The first three years of life are critical for parent-child bonding. Nurturing care and protection provided to children during this time period promote their development, mental health, and resiliency across the life span. In particular, reading, singing, and storytelling to infants on a daily basis have been demonstrated to advance children’s health and socioemotional development. Considering the wide-reaching benefits of reading, singing, and storytelling for child development, state early childhood leaders should explore strategies for encouraging caretakers to engage in these activities with children on a regular basis.
Reading to infants supports their emergent literacy skills, increases parents’ positive views of the bonds they share with their infants, and fosters infants’ cognitive and socioemotional intelligence. Similarly, singing to infants can soothe them and reduce their stress levels, while storytelling can improve recall ability among young children more than story-reading.
Child Trends analyzed the data for Zero to Three’s 2020 State of Babies Yearbook, finding that only about one third of U.S. mothers reported reading to their baby every day (38 percent) and just under two thirds (58 percent) reported singing songs or telling stories to their babies on a daily basis. In addition, parents with higher incomes were more likely than low-income parents to report daily reading and singing to their babies. This may be one way in which the combined stress of economic instability and unpredictable work schedules could impede parents’ availability to engage in important early learning experiences with their children at home. There were also large differences between states. For example, mothers in Vermont had the highest self-reported rates of both reading (59 percent) and singing or telling stories to their baby every day (71 percent); by contrast, only 28 percent of mothers in California reported reading to their babies every day, and just 52 percent* of mothers in North Dakota reported singing or telling stories to their babies on a daily basis.
State early childhood leaders looking to support these enriching activities can draw on several national evidence-based initiatives that enhance children’s early literacy and language skills by supporting parents in reading, singing, and storytelling with their children. Among these intensive approaches, the Early Head Start Home-Based Option is a model shown to significantly improve attachment security between 18-month-old infants and their parents or caregivers. It focuses on cultivating language and literacy skills and social/emotional development among children. Raising a Reader and Reach Out and Read are other examples of evidence-based initiatives situated in communities across the nation that strive to support caregivers in promoting early literacy with their children. These initiatives coach parents on interactive book reading techniques, provide children with books, and connect families to local libraries. Kindermusik, an intervention in which caregivers and children ages 0 to 7 play and learn together through song-based activities, was found to improve infants’ perceptions of musical rhythms.

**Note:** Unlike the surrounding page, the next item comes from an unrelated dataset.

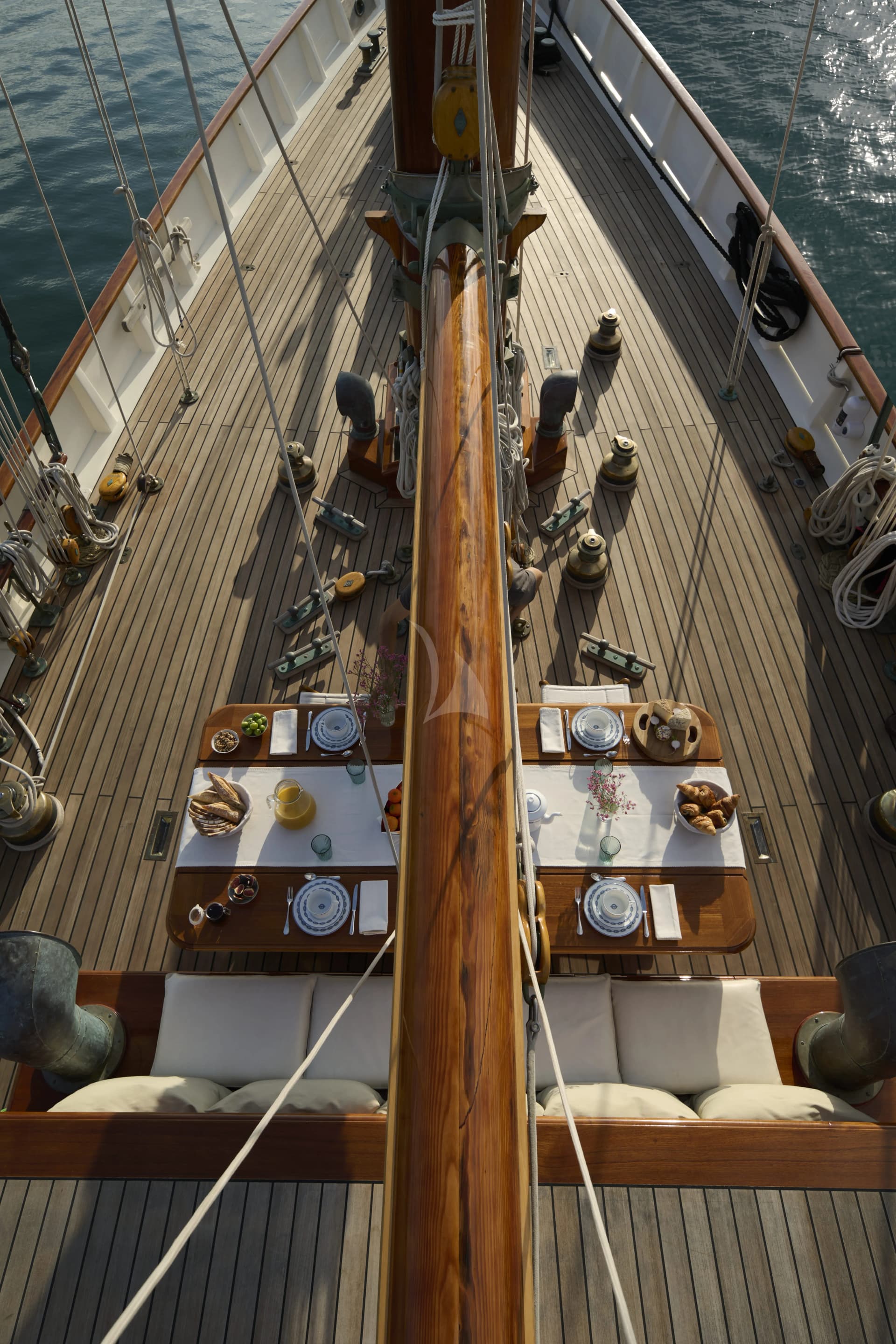 Black Swan – Exterior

When making choices about how best to support young children, early childhood leaders and policymakers shouldn’t forget that, by taking the time to read, sing, and tell stories to their infants each day, parents create special bonds that promote lifelong cognitive, social, and emotional growth for our country’s youngest ones.
* Mississippi, Alabama, and Texas reported lower values than North Dakota for this measure, but these states’ values may be unreliable.